Copyright ) 2000 Nando Media
Copyright ) 2000 Associated Press

On the Y2K bookshelf

NEW YORK, January 5, 2000 - Dermot McGuigan, co-author of the survival guide "Y2K & Y-O-U," now worries about the book's own survival.

"It first came out in 1998 and it's going to be republished under its original name, 'Your Resilient Home,'" McGuigan, an energy consultant based in Burlington, Vt., said Tuesday. "All the same information will be there, except the Y2K stuff will be downplayed."

Almost overnight, Y2K disaster books seem as stale as so much leftover party food. With no major computer-related problems reported from the turnover to the year 2000, expect a short shelf life for such titles as "Timebomb 2000!" and "Don't Panic! You Can Prepare for the Y2K Crisis."

"Obviously, we haven't sold as many copies of those kinds of books this week as we did last week," said Debra Williams, director of corporate communications for Barnes & Noble Inc.

Publishing has long operated with different timeframes in mind, issuing everything from "classic" books for the ages to "instant" books for next week.

But Y2K books are an especially tricky category. The typical quickie publication cashes in on a recent news event, like the death of John F. Kennedy Jr. Y2K releases depended on a future event no one could guarantee.

"I liken it to movie tie-in books," said Laurie Brown, vice president of marketing at Farrar, Straus & Giroux. "Most of the sales come before the movie comes out. If the movie doesn't do well, sales fall off dramatically."

If anyone gets stuck with all those unsold copies, it'll probably be the publishers. Superstore chains such as Barnes & Noble rarely purchase books unless they're allowed to return them. Independent stores, meanwhile, tended to order limited numbers of Y2K titles.

Richard Howarth, owner of Square Books in Oxford, Miss., and the president of the American Booksellers Association, said he regarded Y2K publications the same way he does calendars and other materials that date quickly.

"We would order one or two copies at a time, and if a Y2K book sold out by mid-December we didn't bother reordering it," he said.

"And I'm not sure who's going to want them now. If everybody throws them away, they're going to be collectors' items. But since people think they're going to be collectors' items, they're going to keep them and the books will be totally worthless."

The appeal for Y2K titles has shifted from fear to amusement; words once meant to terrify now read like blurbs from old science fiction movies.

The back cover to "The Hippy Survival Guide to Y2K" imagines the very worst: "What if your faucets are dry?

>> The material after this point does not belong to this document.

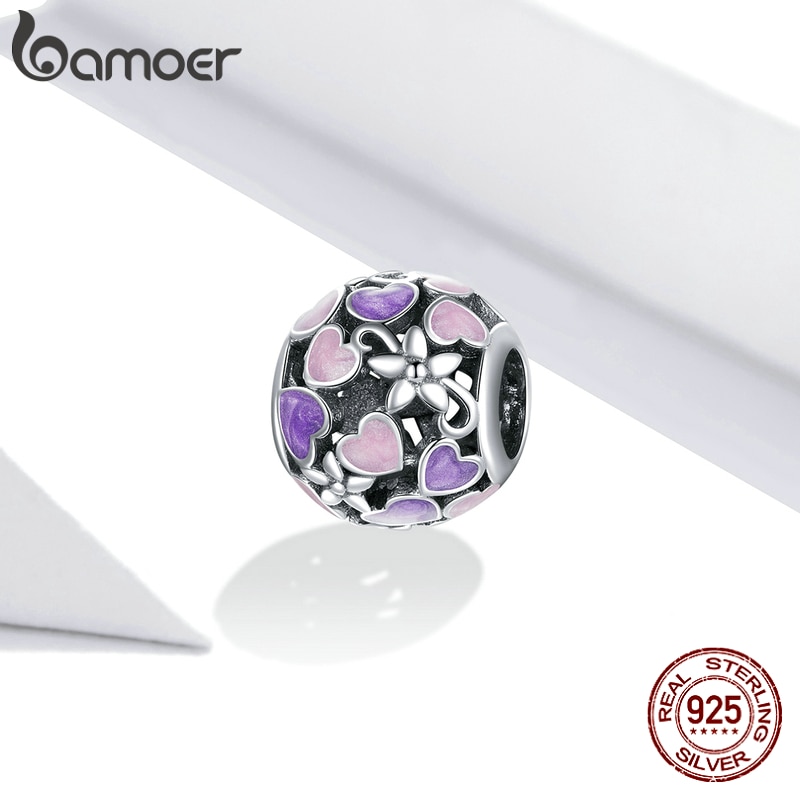 Hạt Xỏ Vòng Tay Bamoer SCC1798 Bằng Bạc Sterling 925 Họa Tiết Hoa Và Trái Tim Tráng Men Tím Hồng Xinh Xắn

What if your phone is dead, trains and planes don't run, banks and stores are closed - and even the government is shut down?"

In Anni McClung's "The Y2K Recipe Collection," cooks are advised that the dishes are "fully compliant" and require "only canned, boxed, and dried items found in your Y2K food storage pantry."

Novels, too, have become instant Y2kitsch.

In "The Millennium Bug," co-written by George E. Grant and Michael S. Hyatt, Fortune 500 executive Bob Priam is fired after failing to convince his boss of the urgency of Y2K preparation. He then sets up his own Y2K consulting firm.

Sure enough, the great disaster arrives. The market crashes, banks fold and panic spreads like an untreatable plague. Priam and his family retreat to a remote farmhouse, where they're still not out of danger.

On Jan. 6, 2000, just before dusk, "The air was pure, sharp, and cold, heavy leaden with drama and disquiet, as befitted Epiphany."

[ENDS]

-- John Whitley (jwhitley@inforamp.net), January 05, 2000

Answers

Neat. Kind of like old 1950's post-apocolyptic films and books. Perhaps some will become classics like the now-debunked 1984 by George Orwell.